Better matching between transmigrants’ origin and destination agroclimate and languages can substantially improve productivity and integration

Forced migration due to climate change, natural disasters, and conflict is among the most important policy challenges of the 21st century. Myers (2005) argues that as higher temperatures lead to rising sea levels, coastal flooding, droughts, and new rainfall patterns, these changes could displace nearly 200 million people by 2050. In South Asia alone, extreme weather events are expected to uproot over 60 million people (Stern 2007). War will also continue to displace populations, as exemplified by the recent conflict in Syria that has already produced more than nine million refugees and is expected to produce even more.1

While income transfers may be a first best solution to compensate victims of natural disasters or conflict, the poor state of land and housing markets in many developing countries often makes cash-based solutions difficult to implement. As an alternative, some governments are considering rural-to-rural resettlement programs, where displaced migrants are given new farmland and housing in newly developed areas. For such programs to be effective, they need to be well suited to the needs of poor households in rural areas, where rain-fed agriculture remains a primary source of subsistence.

Matching matters

A well-designed resettlement program would allow migrants to maximise their long-run productivity in a new environment. In designing these programs, a crucial question is whether the skills acquired in one setting are transferrable to economic activities in another. If skills are not readily transferable, then policymakers may need to play an active role as a matchmaker, using information on settlers’ skills at their origin to match the environment at the destination.

Although barriers to skill transferability are very important in theory, measuring the magnitude of their impacts, or productivity losses from poor matches, is difficult. Voluntary migrants tend to choose locations where they expect their skills to be most transferable and they have been selecting favourable locations for millennia. For example, Steckel (1983) and Diamond (1997) document a tendency for migrants to move from east to west, rather than from north to south, as they settled the agricultural frontier. Because favourable soil and climate conditions shape destination choices due to a desire to work in familiar environmental conditions, it is typically not possible to draw inferences about the magnitudes of barriers to skill transferability from observational data.
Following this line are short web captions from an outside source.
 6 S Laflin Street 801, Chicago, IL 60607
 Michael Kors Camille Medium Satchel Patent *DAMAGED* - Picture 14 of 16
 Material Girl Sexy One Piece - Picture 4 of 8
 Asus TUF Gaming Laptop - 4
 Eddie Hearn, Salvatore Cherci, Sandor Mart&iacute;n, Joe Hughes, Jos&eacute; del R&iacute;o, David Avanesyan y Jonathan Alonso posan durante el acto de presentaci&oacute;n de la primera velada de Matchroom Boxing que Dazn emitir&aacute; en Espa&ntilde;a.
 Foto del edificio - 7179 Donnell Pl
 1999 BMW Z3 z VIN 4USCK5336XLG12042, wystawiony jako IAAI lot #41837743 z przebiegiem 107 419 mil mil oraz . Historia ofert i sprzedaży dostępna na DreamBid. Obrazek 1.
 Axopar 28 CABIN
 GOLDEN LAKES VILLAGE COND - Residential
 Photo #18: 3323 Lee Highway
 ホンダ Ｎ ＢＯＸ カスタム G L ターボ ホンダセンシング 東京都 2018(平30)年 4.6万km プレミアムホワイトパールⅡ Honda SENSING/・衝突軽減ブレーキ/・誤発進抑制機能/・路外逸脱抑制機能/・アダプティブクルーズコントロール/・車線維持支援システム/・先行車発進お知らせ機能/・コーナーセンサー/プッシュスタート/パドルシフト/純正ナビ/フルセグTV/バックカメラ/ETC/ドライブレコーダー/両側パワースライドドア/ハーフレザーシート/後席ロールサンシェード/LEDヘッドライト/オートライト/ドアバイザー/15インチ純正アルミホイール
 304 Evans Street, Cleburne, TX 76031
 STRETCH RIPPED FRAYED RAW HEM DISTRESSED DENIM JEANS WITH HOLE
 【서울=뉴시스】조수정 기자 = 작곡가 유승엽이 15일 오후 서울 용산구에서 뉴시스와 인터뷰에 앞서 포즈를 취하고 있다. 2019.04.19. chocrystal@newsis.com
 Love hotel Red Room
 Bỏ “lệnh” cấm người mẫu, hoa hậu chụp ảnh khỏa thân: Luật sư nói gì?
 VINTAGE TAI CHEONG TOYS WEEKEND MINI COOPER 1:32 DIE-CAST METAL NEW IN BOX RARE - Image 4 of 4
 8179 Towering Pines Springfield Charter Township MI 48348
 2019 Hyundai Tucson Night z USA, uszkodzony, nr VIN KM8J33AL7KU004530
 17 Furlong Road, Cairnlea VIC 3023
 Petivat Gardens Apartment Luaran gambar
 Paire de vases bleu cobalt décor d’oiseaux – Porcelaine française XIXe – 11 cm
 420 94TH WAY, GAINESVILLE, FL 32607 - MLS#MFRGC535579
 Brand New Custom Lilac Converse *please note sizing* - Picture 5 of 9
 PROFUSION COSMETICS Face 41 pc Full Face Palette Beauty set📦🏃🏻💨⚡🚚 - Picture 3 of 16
In recent work, we use a natural experiment—Indonesia’s largest resettlement program, known as the Transmigration Program—to measure barriers to skill transferability (Bazzi et al. 2016). Between 1979 and 1988, the government of Indonesia relocated nearly 2 million voluntary migrants from rural areas in Java and Bali to rural areas in the Outer Islands, to reduce population pressures and stimulate agricultural production (see Figure 1). Transmigrant households were given free transport to the newly created settlements. Upon arrival, they received free housing, a two-hectare plot of farmland (allocated by lottery) and provisions for the first few growing seasons, including seeds, tools, and food.2

Figure 1 Map of transmigration villages

Source: Bazzi et al. (2016).

Due to various logistical constraints and an ad hoc, ‘plan-as-you-proceed’ approach to program implementation (World Bank 1988), transmigrants experienced as-if random assignments to destinations. Some transmigrants were sent to similar locations in the Outer Islands, while others were sent to very different farming environments. None had a say in their ultimate destination. The program’s unprecedented geographic scope, with destination villages scattered across the Outer Islands, meant that migrants from diverse origins across Java/Bali are observed across a range of new agroclimatic conditions in the destinations. This gave rise to wide-ranging, plausibly exogenous variation in the assignment of migrants to destinations, which allows us to identify the causal effect of barriers to skill transferability on productivity.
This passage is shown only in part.